Choosing the best image labeling tool involves understanding the different image labeling techniques and their use cases, as well as considering your own needs and means. Let’s explore how the different image annotation techniques are used, and then we’ll take a look at some considerations for choosing the right tool for your image annotation needs.
There are numerous image annotation labeling techniques, and each one has its own use cases. Choosing a good image annotation tool means understanding the different annotation techniques and knowing which techniques you’ll need to prepare your data with.
The various image annotation techniques you can apply to your image of data set include: bounding boxes, line annotation, point annotation, semantic segmentation and instance segmentation.
Each of these annotation techniques have their own best use cases. Bounding boxes are probably the most commonly used form of image annotation. Bounding boxes are simply boxes created around relevant objects in an image, with the box defining where the image classifier should look for an object. A label is also applied to the object within the bounding box. Bounding boxes are commonly used because of their versatility, working in the most scenario was where pixel-level accuracy isn't needed.
Line annotation is typically used in situations where a linear region has to be highlighted and bounding boxes won’t suffice. Bounding boxes may be too large to properly annotate linear portions of an image, and in this case line annotation can label thin, small sections of an image.
Point annotation is a technique that uses a series of interconnected points to annotate the outline or skeleton of an object. Point annotation is useful when maintaining a representation of an object’s shape is important.
Semantic segmentation is the process of assigning every pixel in a semantically defined region a class label. Any portion of an image that is described with a word can have all the pixels within that portion labeled, and the use of this pixel-perfect detail can dramatically enhance the performance of an image classifier. Instance segmentation takes the concept of semantic segmentation and extrapolates it to individual instances of an object or region. To be concrete, while in semantic segmentation every apple in an image would be part of a single “apples” instance, instance segmentation would apply the apple class to every individual apple.
So how do you choose the best labeling tool for your AI company? You should choose a labeling tool that lets you use the appropriate annotation techniques, but you should also consider other variables like model integration, label correction, project management, and export options.
One of the primary considerations when choosing an image labeling tool is what kinds of annotation techniques the tool supports. For instance, if the image classifier you are creating requires instance segmentation training, it would waste your time to invest in a labelling tool that doesn't support instance segmentation. Many labeling tools only offer support for bounding boxes and semantic segmentation, and if point annotation or line annotation is needed it becomes important to select an annotation platform that enables them.

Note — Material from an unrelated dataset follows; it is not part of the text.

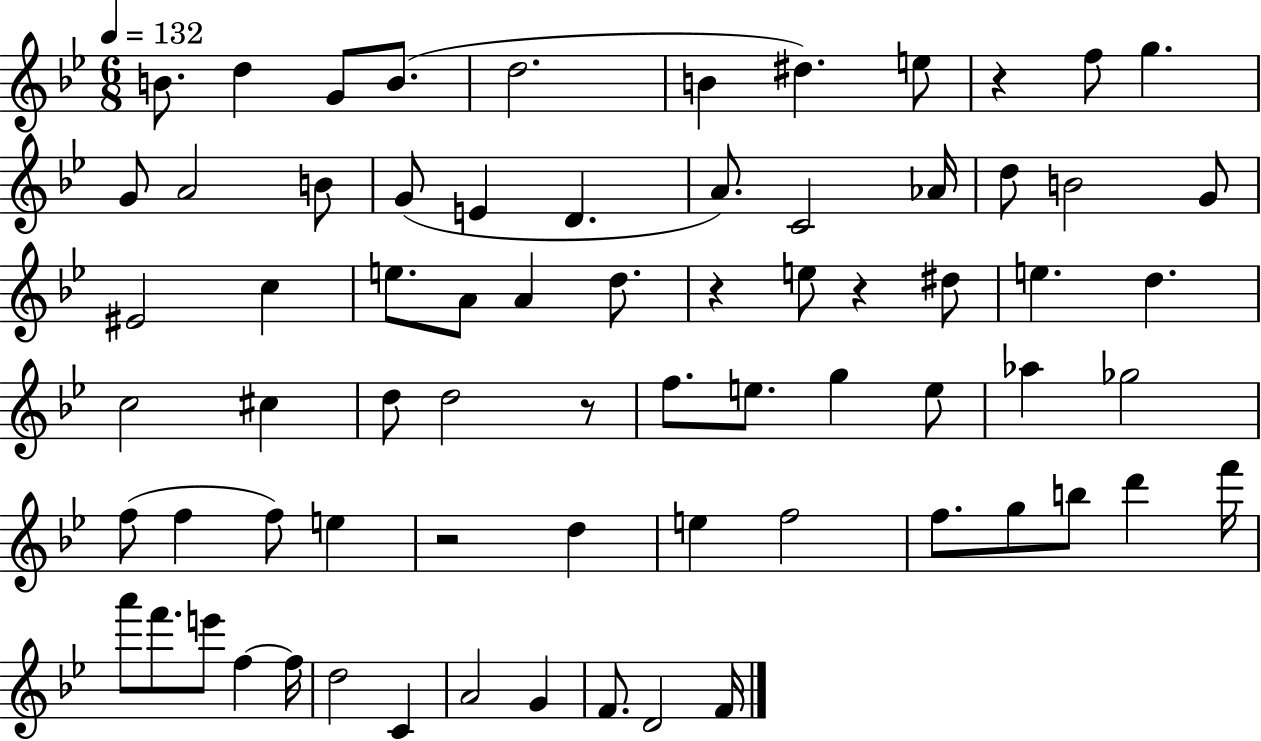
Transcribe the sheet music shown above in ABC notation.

Other considerations for selecting an image labeling tool are model integration and deployment. After images have been annotated, they must be passed into the machine learning model, which trains upon them. After the model is trained, it has to be deployed. Needing to set up training and deployment of a model after image annotation can be a time-consuming process. For this reason, tools that allow easy model training and deployment should be prioritized. Ideally, an image labeling platform will allow you to label your images then train and deploy your model with just a few more button clicks.

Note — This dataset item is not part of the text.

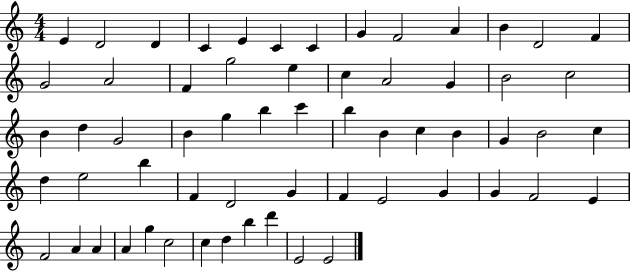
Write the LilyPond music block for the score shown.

You'll also want to consider how easily the tool lets you correct improper labels or add a new label classes. Changes to annotation requirements come up all the time when conducting image labeling of a dataset, so it’s important to determine how difficult it is to make these changes with the labeling tool. Good labeling tools should make correcting mislabeled data simple and intuitive.
Project management options are important to assess as well. How easily does the labeling tool let you create, manage, and organize projects? Some labeling tools have almost nothing in terms of project management, only letting you label images. Ideally, a labeling tool will enable you to define images as belonging to a certain project, which assists in organization. Having a clear project structure will help you discern which images need to be annotated with what labels, as well as train your model on the images within that project.

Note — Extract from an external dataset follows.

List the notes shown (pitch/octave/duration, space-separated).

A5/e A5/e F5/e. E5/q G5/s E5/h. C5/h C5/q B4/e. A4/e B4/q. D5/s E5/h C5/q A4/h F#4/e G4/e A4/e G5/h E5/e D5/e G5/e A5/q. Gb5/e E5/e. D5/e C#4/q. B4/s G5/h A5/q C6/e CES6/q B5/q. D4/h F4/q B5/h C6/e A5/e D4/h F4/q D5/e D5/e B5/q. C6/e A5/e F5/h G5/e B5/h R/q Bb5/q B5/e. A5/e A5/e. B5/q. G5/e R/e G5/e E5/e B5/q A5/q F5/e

Interface options and export options should also be investigated. Can the labeling tool be interacted with online and offline? Some annotation platforms have an online interface and the annotations can be done directly in a web browser. Labeling tools with both online and offline capabilities will expand your options. It's also important to consider export options for your annotations. JSON, CML, and CSV formats are common export options, and the platform you choose should be influenced by which export file format best suits your needs.
Finally, all the considerations listed above should be balanced against consideration of the annotation tool’s price point.
Whether your field of work is agriculture, space tech, fashion, or retail, you want to choose the best labeling tool for the job. To select the right image labeling tool you’ll want to give due consideration to all the important variables. Start by considering which annotation techniques you need to use, and find out which tools support them. You can then consider other variables like model integration and project management.
You’re unlikely to find a labeling tool that perfectly fits all your needs, so your decision will ultimately be the one that best balances your competing requirements. However, by making informed decisions about your needs you can choose the labeling tool that works best for you.